[Python-Dev] RFD: how to build strings from lots of slices? (original) (raw)

Fredrik Lundh Fredrik Lundh" <effbot@telia.com
Sun, 27 Feb 2000 13:41:06 +0100


Ka-Ping Yee wrote:

> 1. introduce a PySliceListObject, which behaves like a > simple sequence of strings, but stores them as slices. =20 It occurred to me when i read this that all slices could be references within the original string, since strings are immutable. That is, =20 s[x:y] =20 could return a PyStringRefObject that behaves just like a string, but contains a length y - x and a pointer to &(s->obsval) + x instead of the character data itself. The creation of this PyStringRefObject would increment the reference count of s by 1. =20 Perhaps this has been suggested before.

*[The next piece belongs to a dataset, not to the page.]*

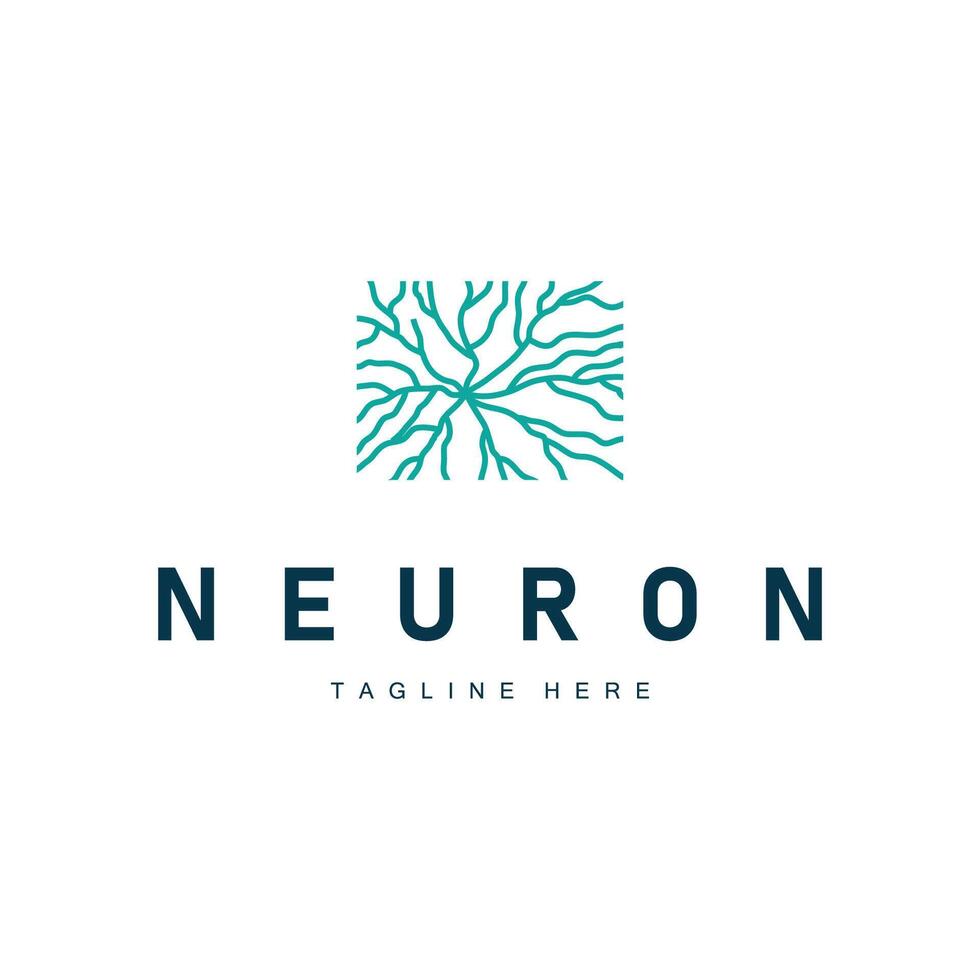 minimalist neuron logo design with cell dna neuron illustration symbol template vector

as an experiment, I actually implemented this for the original unicode string type (where "split" and "slice" returned slice references, not string copies).

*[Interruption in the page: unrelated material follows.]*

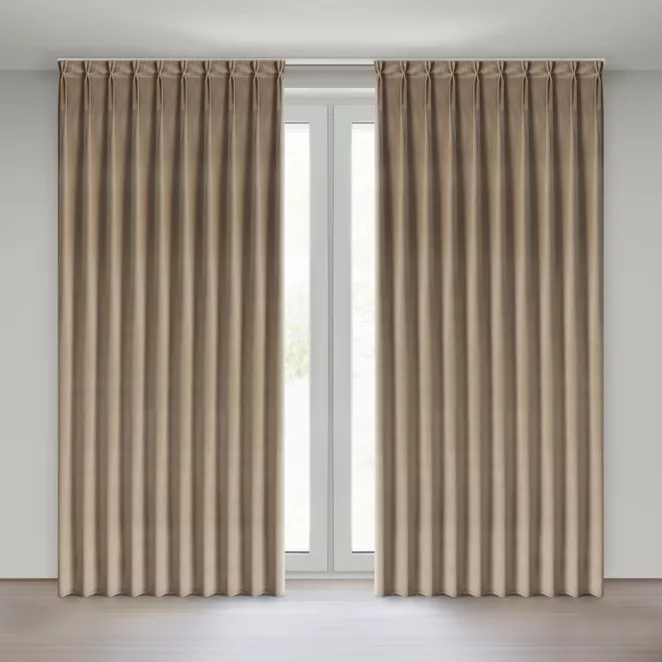 Zasłona ciemnobeżowa z welwetowej tkaniny 125x270 cm system flex - MELANIE Eurofirany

here are some arguments against it:

a) bad memory behaviour if you slice small strings out of huge input strings -- which may surprise newbies.

b) harder to interface to underlying C libraries -- the current string implementation guarantees that a Python string is also a C string (with a trailing null).

personally, I don't care much about (a) (e.g. match objects already keep references to the input string, and if this is a real problem, you can always use a more elaborate data structure...).

(b) is a bit harder to ignore, though.